*Data section*.

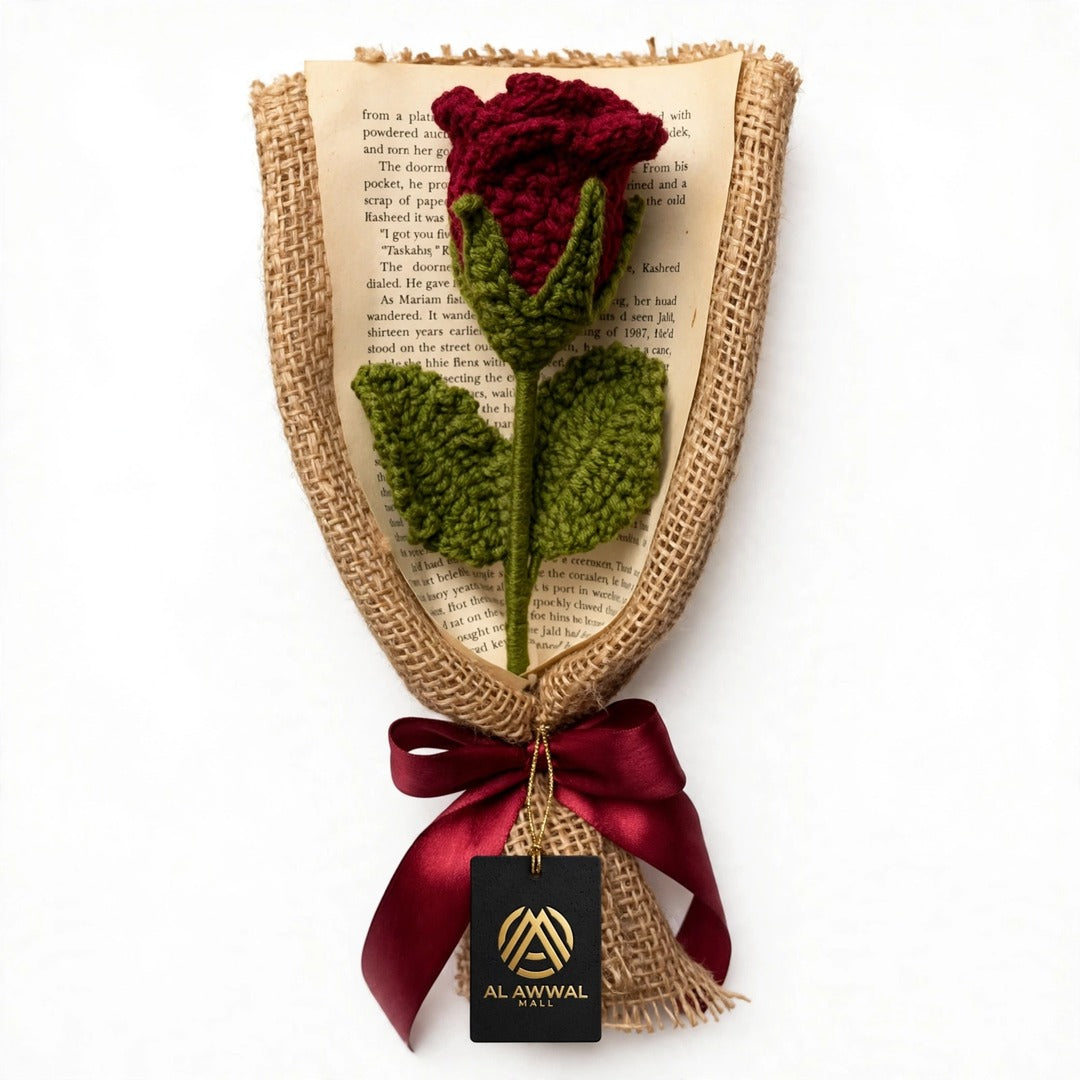 Handmade Crochet Red Rose Bud with Burlap Wrap, Book Page and Ribbon Bow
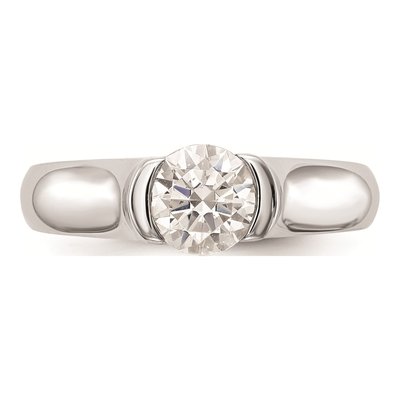 14K White Gold Half-Bezel Solitaire Engagement Ring Mounting – view 5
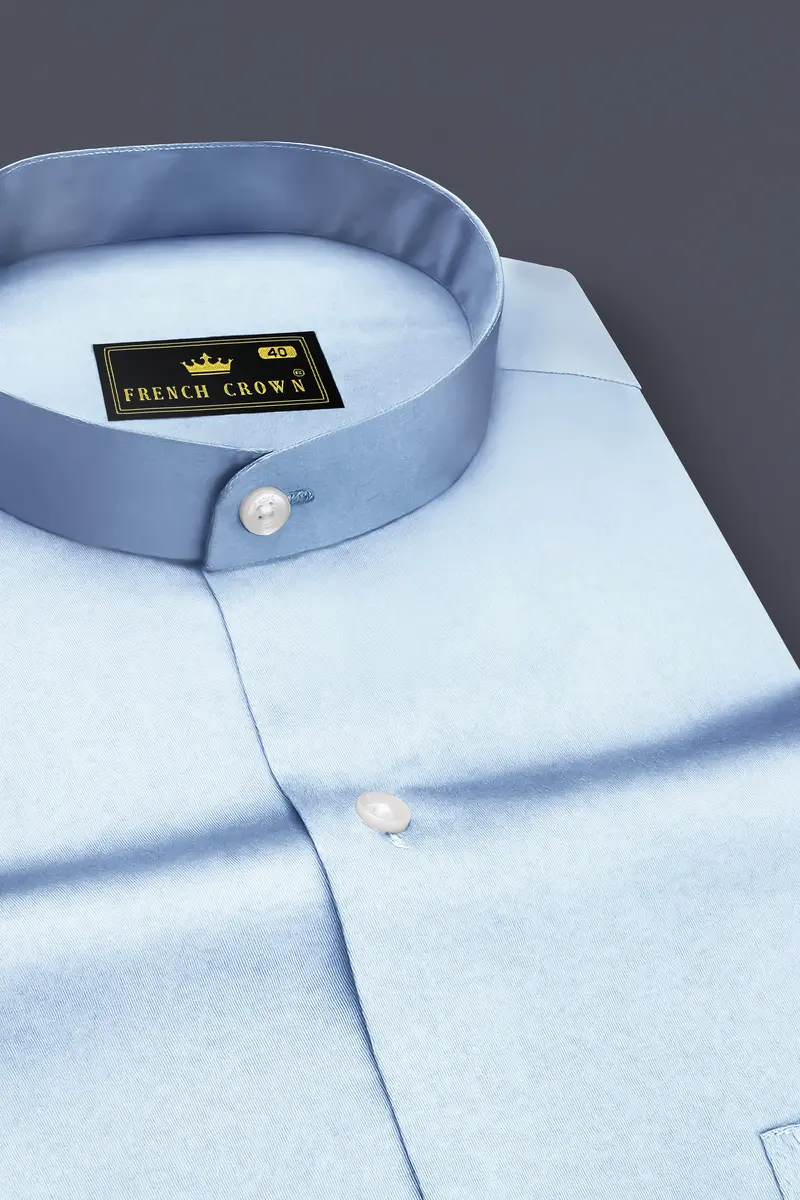 Bluessenza-Cornflower Blue Subtle Sheen Super Soft Premium Cotton Dress Mandarin Shirt 2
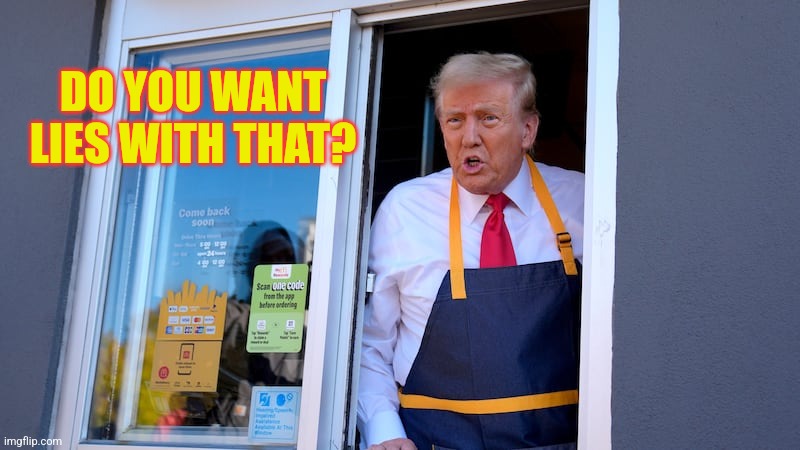 Orange Clown | DO YOU WANT LIES WITH THAT? | image tagged in trump,mcdonald's | made w/ Imgflip meme maker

*Required work*.
What is needed is an exact transcription of the lines from the one holding "14K White Gold" to the end of the data, with every picture left out.

*Result of this task*.
 14K White Gold Half-Bezel Solitaire Engagement Ring Mounting – view 5
 Bluessenza-Cornflower Blue Subtle Sheen Super Soft Premium Cotton Dress Mandarin Shirt 2
 Orange Clown | DO YOU WANT LIES WITH THAT? | image tagged in trump,mcdonald's | made w/ Imgflip meme maker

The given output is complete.